The Republican plan would completely privatize Medicare for anyone under the age of 55. PolitiFact's argument that the claim was a "lie" was based on (1) the fact that people over 55 would remain in the same system they are today on the Republican plan and (2) Republicans would still use the term "Medicare" to refer to their new privatized system. Note first of all that their two explanations are in tension with each other; if they think it's important to note that the system is the "same" for people over 55, then they must think sameness is important. But if sameness is important, then Republicans completely changing the system (which makes it no longer the same) should undermine their claim that nothing was ended. So PolitiFact's explanations aren't even consistent with each other.
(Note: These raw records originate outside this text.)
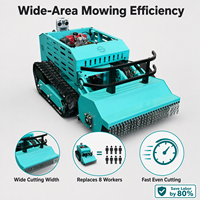 Tondeuse robot professionnelle sur chenilles 800 mm, moteur diesel 4 temps, télécommandée, pour l'agriculture, certifiée CE EPA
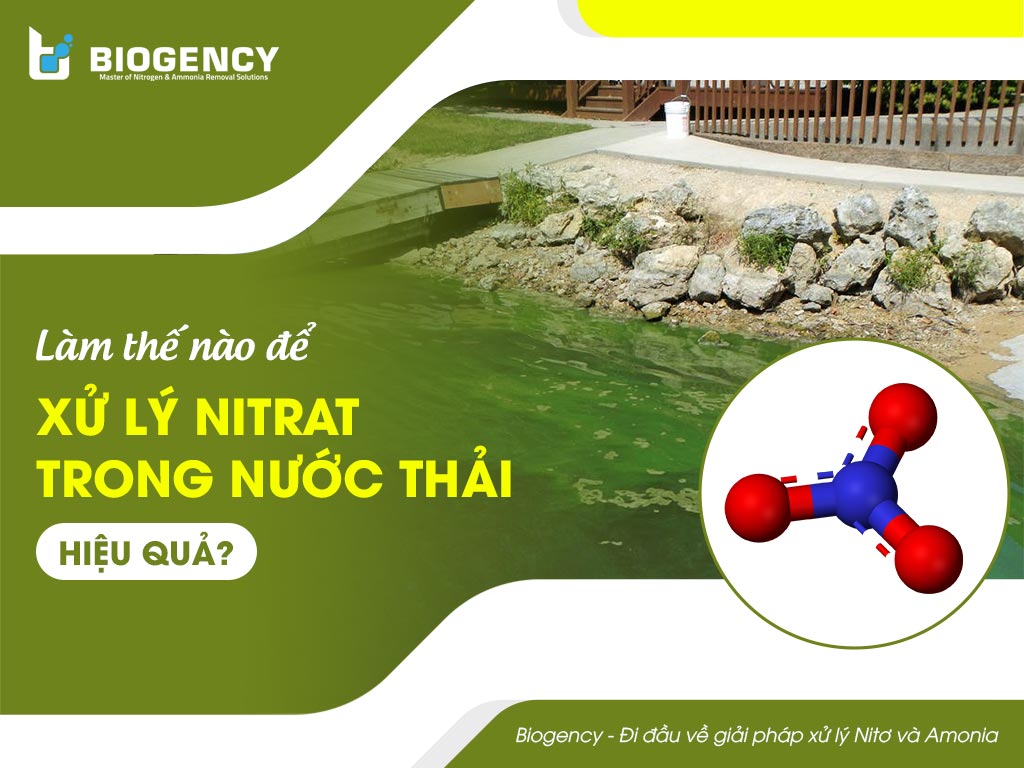 xử lý nitrat trong nước thải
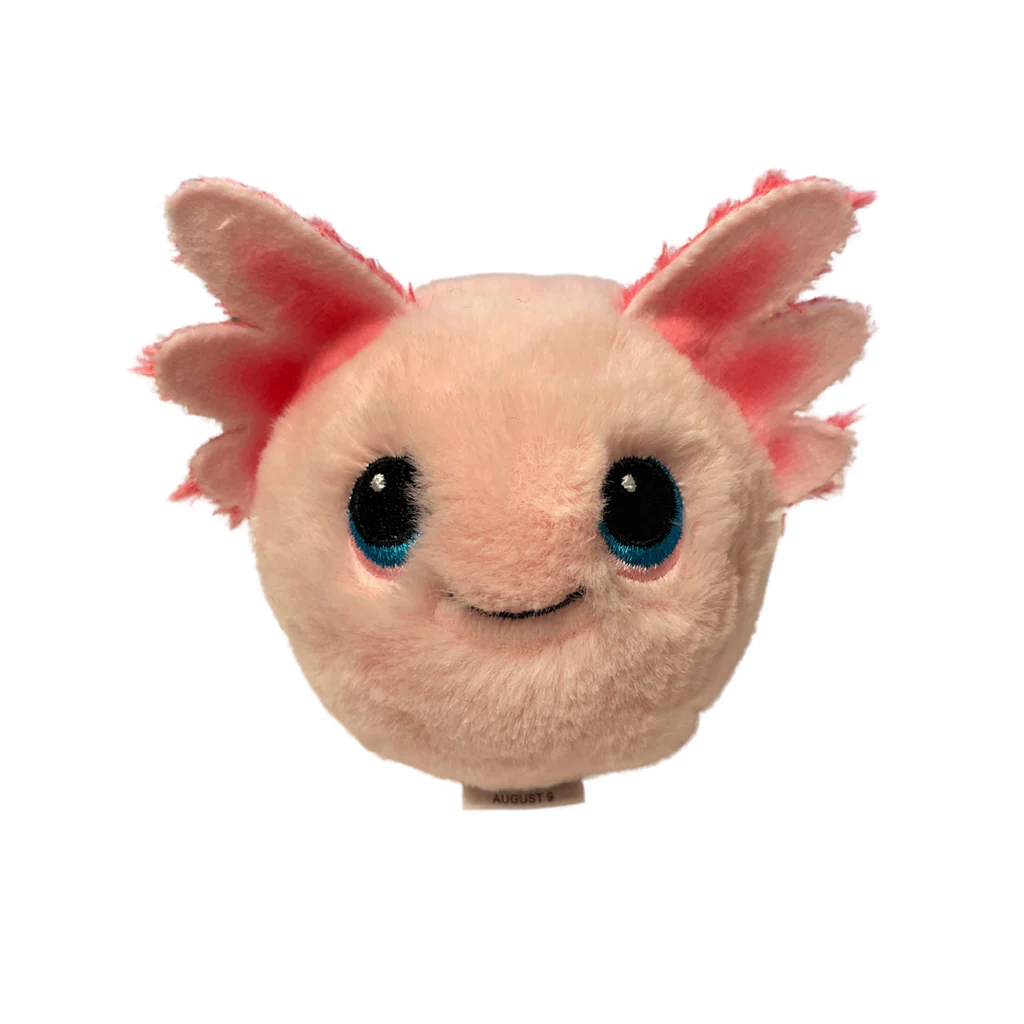 TY Beanie Bouncer Plush TY [SK] Gill Axolotl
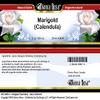 Bianca Rosa Marigold (Calendula) - Salve Ointment (2 oz, ZIN: 428541) view 3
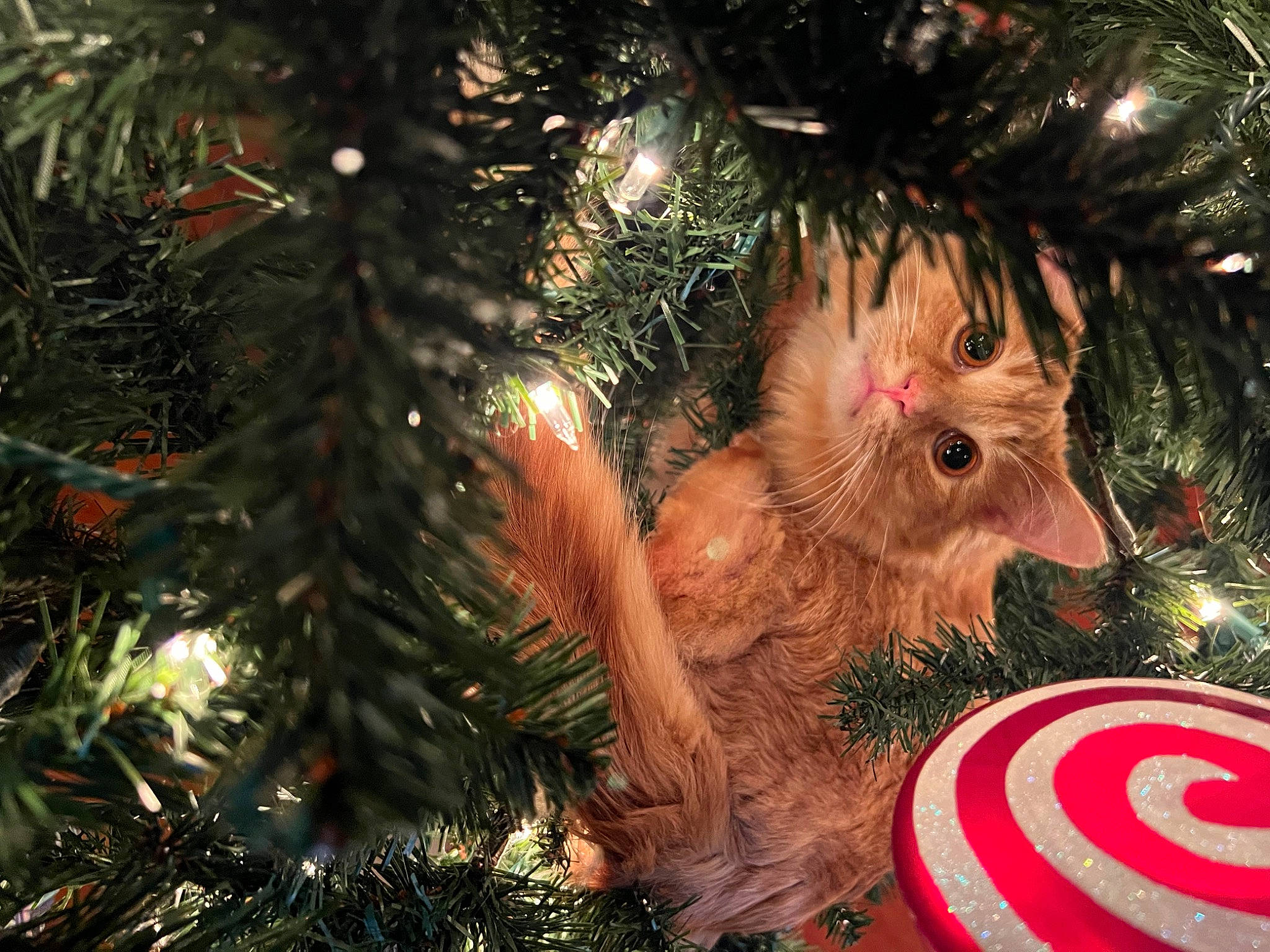 Aslan joined the competition — help win amazing prizes! art, christmas, christmas_decoration, christmas_eve, christmas_ornament, christmas_tree, conifer, event, evergreen, fawn, holiday, holiday_ornament, interior_design, light, ornament, plant, toy, tradition, twig, wood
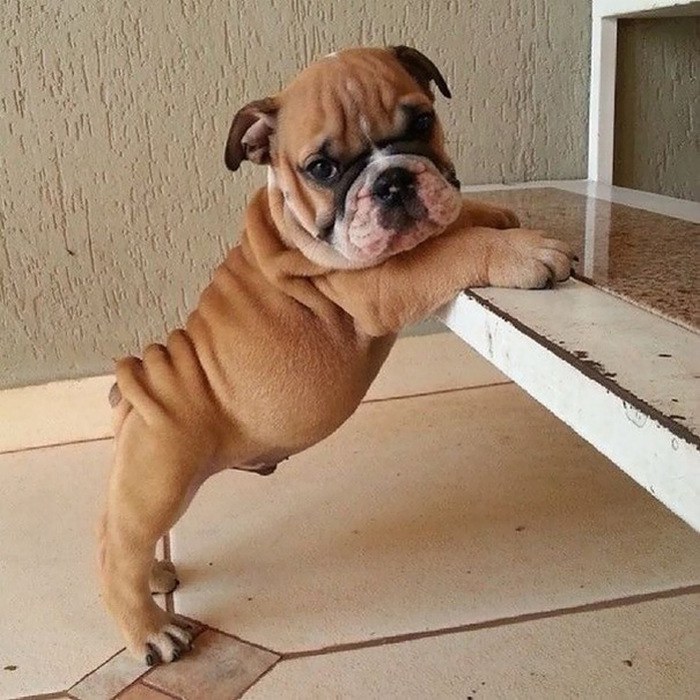 These Beautiful Bulldog Puppies Will Make You Melt (54 pics)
If two statements are inconsistent, that means at least one of them is wrong, but it doesn't guarantee that one of them is correct, and in this case PolitiFact is wrong on both counts. In regards to (1), the fact that Medicare continues to exist for people over 55 does not mean that Republicans haven't for all practical purposes ended it, at least on the assumption that we won't discover the Fountain of Youth in the next century. And changing the system to a private one where we are at the mercy of insurance companies alters it into a completely different concept than Medicare. Here's where some subjectivity comes in; if you think that all 'Medicare' means is "the government provides some money once you get old" then you might think the new idea still counts as Medicare; but people with a more sophisticated understanding of the system understand that the privatized version is simply not the same thing.
But more important than the fact that Politifact is wrong is that they inserted themselves into the 2012 elections and they were clearly agenda driven. There were other finalists for Lie of the Year that were clear, outright lies: John Kyl's claim that abortion services is 90% of what Planned Parenthood does, or the right-wing claim that the stimulus created no new jobs, for example. But PolitiFact apparently chose the above claim because they wanted to present the idiotic, childlike notion of "balance" that currently impairs modern journalism. Instead of searching for objective facts, many modern journalist simply search for opposing statements from two "sides." Likewise, instead of choosing an actual lie, PolitiFact chose a statement made by Democrats in order to "balance" the fact that outright lies from Republicans had been chosen in previous years.
So this brings me back to the title of this post. We used to have good reason to cite PoltiFact in political debates. In fact, I greatly enjoyed Fired Up Missouri repeatedly mocking Ed Martin over his proclivity for using the death panels "Lie of the Year." But of course, from an ideal information-gathering perspective, there was never anything especially important about PolitiFact. If both a partisan blog and PolitiFact debunked a certain claim, say by linking to the actual language of a bill, both have provided the same information. Yet the point of linking to PolitiFact was that you could trust that their analysis was not driven by an agenda. In other words, in situations where you didn't have time to do a full analysis yourself, you might think you could put trust in a group that objectively looked at the information.
However, this assumption no longer holds any water. PolitiFact has shown clearly that they are willing to distort their analysis based on a twisted political agenda; namely, the agenda of achieving false balance by appeasing the Right side of the political spectrum. There's no longer any justification for thinking that you can trust their analysis without doing just as much research as you would when getting info from any other source with a partisan bias. In fact, there's a good argument to be made for linking to an otherwise identical analysis that comes from a source that doesn't falsely pretend to be agenda-free. PolitiFact could have been a useful contribution to political discourse in this country; unfortunately, by undermining their credibility, they have now lost that opportunity.
For some excellent analyses of the PolitiFact debacle, please see the work of Paul Krugman, Dave Weigel, Tommy Christopher, and Jamison Foser.